Task requirements =>
What lines below contain the string "Drive"? List them all.

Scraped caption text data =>

Content starts

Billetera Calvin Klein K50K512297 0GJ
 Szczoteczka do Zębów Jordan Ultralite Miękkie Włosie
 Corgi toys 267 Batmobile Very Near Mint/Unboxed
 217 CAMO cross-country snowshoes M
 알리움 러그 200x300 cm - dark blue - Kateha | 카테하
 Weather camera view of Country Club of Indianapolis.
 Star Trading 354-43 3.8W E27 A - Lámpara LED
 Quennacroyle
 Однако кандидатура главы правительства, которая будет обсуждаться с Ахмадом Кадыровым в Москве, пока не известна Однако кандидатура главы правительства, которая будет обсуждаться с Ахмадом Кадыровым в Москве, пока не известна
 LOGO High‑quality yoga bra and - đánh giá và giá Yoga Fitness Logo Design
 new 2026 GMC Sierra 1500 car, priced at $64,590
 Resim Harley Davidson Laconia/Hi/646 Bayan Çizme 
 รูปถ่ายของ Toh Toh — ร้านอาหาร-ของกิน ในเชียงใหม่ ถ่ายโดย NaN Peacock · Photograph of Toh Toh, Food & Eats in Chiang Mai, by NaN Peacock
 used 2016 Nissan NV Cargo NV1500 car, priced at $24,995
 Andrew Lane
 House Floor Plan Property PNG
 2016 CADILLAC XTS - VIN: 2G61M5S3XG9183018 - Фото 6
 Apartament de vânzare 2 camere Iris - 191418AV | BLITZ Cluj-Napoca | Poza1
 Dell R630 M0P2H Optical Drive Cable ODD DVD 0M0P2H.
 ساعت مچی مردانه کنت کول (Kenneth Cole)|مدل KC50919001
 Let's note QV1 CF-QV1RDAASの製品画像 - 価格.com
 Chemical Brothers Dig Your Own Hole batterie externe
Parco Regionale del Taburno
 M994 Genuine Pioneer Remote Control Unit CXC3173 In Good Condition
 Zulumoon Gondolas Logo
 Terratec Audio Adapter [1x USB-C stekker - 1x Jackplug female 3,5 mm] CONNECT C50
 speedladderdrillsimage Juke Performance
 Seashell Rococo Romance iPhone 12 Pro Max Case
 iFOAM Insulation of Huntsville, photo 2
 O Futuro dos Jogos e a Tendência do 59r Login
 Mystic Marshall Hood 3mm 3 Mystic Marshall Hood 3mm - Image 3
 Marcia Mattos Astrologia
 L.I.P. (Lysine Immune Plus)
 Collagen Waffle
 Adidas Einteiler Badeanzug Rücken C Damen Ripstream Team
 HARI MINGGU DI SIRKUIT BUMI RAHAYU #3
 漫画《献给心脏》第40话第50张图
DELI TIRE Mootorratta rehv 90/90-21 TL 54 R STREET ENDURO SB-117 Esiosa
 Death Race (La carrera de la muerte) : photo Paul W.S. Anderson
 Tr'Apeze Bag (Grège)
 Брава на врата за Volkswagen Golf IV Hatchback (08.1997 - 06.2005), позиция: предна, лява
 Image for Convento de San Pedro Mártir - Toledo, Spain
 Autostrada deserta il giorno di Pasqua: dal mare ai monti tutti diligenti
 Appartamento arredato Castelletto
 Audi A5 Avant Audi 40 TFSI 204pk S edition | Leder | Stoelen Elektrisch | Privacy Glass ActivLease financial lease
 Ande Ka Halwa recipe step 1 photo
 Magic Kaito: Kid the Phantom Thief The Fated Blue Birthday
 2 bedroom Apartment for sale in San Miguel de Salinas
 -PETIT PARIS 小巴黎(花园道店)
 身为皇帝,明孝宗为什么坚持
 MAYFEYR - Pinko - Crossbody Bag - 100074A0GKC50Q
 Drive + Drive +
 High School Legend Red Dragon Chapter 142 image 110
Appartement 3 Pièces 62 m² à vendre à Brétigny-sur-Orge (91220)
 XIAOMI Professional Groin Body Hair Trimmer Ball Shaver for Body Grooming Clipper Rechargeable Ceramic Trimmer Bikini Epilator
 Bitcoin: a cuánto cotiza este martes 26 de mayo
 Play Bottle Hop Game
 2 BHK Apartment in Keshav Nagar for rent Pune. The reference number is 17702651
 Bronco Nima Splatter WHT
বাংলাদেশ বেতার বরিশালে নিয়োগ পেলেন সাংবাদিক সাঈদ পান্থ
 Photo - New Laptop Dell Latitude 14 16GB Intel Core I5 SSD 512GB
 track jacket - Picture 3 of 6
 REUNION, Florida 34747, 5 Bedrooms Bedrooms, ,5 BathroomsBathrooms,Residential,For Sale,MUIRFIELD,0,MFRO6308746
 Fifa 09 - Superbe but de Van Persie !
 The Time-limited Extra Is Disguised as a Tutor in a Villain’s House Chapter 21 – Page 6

Content ends

Exercise response =>
 Dell R630 M0P2H Optical Drive Cable ODD DVD 0M0P2H.
 Drive + Drive +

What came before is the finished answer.